- [Aim of the exercise]
In the entries below, find each line with the word "What" and return it.

===== Data

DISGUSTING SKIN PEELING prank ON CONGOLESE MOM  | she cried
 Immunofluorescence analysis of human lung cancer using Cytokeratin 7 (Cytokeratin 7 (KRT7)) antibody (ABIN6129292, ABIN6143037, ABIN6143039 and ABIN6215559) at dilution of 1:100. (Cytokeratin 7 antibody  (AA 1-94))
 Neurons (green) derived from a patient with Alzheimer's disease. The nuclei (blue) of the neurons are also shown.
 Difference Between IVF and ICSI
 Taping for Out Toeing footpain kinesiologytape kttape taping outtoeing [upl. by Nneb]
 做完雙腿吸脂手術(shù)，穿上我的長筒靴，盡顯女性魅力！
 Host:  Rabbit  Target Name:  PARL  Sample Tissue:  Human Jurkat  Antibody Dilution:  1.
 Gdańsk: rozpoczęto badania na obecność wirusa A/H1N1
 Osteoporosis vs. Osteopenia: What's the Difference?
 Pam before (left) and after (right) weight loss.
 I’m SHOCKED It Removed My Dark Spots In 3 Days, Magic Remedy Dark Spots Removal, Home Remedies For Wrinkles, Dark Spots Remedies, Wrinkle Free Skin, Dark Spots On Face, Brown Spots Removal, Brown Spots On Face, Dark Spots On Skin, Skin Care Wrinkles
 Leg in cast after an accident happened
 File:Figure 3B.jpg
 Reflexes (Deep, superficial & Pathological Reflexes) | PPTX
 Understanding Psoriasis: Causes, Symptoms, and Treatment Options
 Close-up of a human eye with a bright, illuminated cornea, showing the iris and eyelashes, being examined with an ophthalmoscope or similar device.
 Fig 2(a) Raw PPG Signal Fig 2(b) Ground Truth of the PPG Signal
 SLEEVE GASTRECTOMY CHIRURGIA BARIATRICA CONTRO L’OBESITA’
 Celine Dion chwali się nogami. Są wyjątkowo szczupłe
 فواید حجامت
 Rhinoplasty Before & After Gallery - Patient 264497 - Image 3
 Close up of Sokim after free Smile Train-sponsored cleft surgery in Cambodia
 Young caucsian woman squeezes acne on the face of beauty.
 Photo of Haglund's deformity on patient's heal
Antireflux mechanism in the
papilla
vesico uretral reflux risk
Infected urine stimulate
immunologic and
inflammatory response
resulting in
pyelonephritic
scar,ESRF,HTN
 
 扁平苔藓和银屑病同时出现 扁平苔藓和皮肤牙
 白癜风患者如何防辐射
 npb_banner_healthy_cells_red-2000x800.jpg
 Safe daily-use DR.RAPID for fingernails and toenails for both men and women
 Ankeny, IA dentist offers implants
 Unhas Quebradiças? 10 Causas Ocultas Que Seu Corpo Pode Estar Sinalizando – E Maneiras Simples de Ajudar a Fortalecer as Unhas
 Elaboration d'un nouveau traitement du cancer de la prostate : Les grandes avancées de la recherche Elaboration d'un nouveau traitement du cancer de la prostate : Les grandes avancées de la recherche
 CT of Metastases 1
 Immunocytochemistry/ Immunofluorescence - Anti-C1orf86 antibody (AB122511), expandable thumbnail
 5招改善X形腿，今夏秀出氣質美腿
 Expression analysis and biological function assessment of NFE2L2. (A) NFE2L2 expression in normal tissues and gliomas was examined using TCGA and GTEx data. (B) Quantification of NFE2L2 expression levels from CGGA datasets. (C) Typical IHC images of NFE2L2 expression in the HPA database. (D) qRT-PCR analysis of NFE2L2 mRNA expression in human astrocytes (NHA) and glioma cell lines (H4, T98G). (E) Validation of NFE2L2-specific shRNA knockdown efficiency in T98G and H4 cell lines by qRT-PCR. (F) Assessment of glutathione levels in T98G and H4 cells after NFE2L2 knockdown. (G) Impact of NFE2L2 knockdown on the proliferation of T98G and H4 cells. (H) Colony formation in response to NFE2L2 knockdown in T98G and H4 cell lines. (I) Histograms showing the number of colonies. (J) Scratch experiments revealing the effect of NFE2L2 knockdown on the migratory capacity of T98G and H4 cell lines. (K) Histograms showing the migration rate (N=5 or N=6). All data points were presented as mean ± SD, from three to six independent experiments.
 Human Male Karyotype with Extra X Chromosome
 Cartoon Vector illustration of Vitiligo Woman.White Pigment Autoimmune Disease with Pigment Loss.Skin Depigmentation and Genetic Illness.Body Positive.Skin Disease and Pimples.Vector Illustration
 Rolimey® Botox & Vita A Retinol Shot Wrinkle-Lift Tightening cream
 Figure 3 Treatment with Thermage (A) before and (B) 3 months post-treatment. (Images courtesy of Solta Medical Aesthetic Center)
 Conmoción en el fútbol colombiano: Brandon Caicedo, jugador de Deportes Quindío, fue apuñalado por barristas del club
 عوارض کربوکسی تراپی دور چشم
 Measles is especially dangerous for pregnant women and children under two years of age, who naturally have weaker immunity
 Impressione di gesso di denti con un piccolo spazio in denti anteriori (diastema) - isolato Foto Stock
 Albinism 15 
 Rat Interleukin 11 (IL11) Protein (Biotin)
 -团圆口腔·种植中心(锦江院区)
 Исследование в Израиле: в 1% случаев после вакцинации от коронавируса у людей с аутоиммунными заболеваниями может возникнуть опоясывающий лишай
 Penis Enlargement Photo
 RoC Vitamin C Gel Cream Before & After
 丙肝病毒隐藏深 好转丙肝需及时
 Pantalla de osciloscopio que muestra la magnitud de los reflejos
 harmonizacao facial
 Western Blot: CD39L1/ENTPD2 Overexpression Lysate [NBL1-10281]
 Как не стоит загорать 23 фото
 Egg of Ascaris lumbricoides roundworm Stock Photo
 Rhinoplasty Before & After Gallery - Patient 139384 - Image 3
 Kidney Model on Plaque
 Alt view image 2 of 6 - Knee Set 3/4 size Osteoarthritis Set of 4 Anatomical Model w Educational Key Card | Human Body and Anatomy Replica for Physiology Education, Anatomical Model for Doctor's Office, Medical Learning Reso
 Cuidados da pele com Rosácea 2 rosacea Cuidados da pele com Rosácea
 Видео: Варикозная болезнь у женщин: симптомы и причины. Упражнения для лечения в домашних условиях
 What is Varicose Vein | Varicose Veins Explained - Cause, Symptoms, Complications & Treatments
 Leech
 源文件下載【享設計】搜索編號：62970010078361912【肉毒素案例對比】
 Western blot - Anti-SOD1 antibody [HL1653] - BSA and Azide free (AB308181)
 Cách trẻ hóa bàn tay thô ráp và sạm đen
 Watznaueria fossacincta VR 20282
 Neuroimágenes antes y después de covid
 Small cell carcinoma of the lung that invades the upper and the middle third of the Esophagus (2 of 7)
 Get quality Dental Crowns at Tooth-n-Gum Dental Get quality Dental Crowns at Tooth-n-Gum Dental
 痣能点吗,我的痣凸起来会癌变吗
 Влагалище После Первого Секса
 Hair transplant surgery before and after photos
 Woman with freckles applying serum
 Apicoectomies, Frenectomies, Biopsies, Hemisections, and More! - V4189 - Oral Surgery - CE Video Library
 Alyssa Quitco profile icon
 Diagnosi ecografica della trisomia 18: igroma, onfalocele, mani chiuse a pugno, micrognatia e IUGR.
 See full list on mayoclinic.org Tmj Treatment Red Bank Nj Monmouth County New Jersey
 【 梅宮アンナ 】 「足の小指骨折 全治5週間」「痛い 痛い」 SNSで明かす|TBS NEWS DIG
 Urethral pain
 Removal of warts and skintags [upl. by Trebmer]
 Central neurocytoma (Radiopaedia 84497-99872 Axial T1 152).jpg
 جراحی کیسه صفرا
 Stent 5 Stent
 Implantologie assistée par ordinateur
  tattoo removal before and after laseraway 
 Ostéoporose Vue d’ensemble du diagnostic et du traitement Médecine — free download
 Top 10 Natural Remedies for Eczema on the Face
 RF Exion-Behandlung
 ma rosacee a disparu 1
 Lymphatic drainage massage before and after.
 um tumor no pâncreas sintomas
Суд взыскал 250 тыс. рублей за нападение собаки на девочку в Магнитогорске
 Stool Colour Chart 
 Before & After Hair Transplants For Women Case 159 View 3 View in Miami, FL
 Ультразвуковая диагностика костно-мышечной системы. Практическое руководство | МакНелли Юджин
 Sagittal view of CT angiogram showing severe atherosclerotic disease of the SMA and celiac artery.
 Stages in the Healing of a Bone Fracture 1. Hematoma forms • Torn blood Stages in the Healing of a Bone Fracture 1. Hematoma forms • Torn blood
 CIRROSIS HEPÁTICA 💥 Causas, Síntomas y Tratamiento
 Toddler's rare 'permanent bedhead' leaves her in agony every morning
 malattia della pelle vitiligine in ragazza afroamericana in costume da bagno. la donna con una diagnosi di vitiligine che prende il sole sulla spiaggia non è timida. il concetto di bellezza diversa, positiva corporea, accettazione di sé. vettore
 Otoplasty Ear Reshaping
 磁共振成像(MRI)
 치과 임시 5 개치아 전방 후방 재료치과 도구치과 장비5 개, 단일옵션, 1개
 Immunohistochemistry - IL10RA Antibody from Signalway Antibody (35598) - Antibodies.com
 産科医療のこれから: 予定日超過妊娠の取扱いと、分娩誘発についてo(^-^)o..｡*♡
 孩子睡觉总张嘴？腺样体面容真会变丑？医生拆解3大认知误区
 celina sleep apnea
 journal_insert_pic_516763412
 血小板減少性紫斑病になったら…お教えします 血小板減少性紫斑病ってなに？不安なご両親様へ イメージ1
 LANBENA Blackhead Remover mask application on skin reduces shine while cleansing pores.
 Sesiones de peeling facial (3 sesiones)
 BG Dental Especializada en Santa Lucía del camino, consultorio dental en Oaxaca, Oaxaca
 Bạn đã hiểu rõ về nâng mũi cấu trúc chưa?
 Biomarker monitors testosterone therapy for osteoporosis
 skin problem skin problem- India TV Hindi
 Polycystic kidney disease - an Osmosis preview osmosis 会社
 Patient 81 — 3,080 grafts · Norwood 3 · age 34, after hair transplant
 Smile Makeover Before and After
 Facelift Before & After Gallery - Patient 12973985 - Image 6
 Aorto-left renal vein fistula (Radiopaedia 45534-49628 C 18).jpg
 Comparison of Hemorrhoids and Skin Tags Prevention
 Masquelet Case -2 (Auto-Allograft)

==========

- [Exercise solution]
 Osteoporosis vs. Osteopenia: What's the Difference?
 What is Varicose Vein | Varicose Veins Explained - Cause, Symptoms, Complications & Treatments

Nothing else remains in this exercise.